6. Visit the free attractions.
There are a plethora of free activities and attractions for you to enjoy. The Big Buddha, as well as a number of temples, are free to experience. There are also countless beaches and villages for you take up your days exploring. Not to mention the fact that it’s free to lay by the pool with a good book and reach maximum relaxation.
7. Eat street food.
Authentic, fresh, fast and super cheap, there is no reason to not eat at street markets. If you’re worried about food health and safety, look for the stands that have the longest lines, or where the locals are buying. They’re popular for good reason.
8. Withdraw larger amounts from ATMs.
Thai ATMs can charge pretty high fees above and beyond those of your card provider, with ฿180THB (about $8AUD) the most common amount. Try and reduce the number of times you’ll need to withdraw by doing larger transactions.

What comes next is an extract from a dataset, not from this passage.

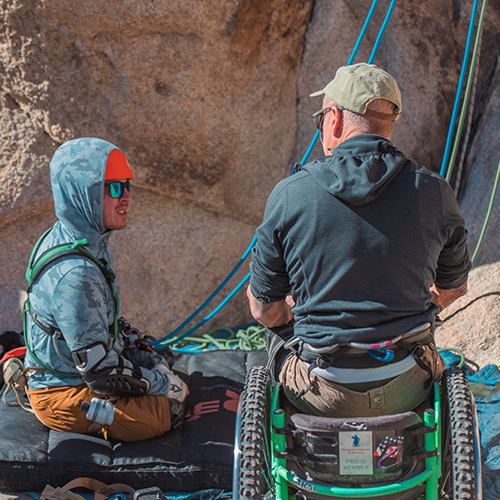 Man with prosthetic legs rock climbing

Sounds small, but ฿180baht is a delicious street meal. I’d rather a pad thai than an atm fee any day.
9. Travel by Songthaew.
Essentially a ute with two wooden benches in the back, Songthaew can help you get around Koh Samui. Whilst they won’t always take you from A to B, they’ll get you close enough as they run on specific routes, almost like a bus.
For ease, their destination is often written on the rear of the trucks. It’s worth negotiating the cost of your trip prior to getting in to ensure you get a good deal.
10. Get cheaper drinks in town.
We get it, nothing really beats a cocktail or icey-cold beer by the hotel pool. But, what if we told you that drinks are half the price in town.
Despite hotels offering lengthy happy hours, quite often drinks will be way cheaper in town. So, instead of working your way through the hotel cocktail list every day, why not head into town and meet the locals. If you’re a backpacker, this is a fantastic way of meeting new friends. Just be safe, yanno, drink responsibly and keep your wits about you.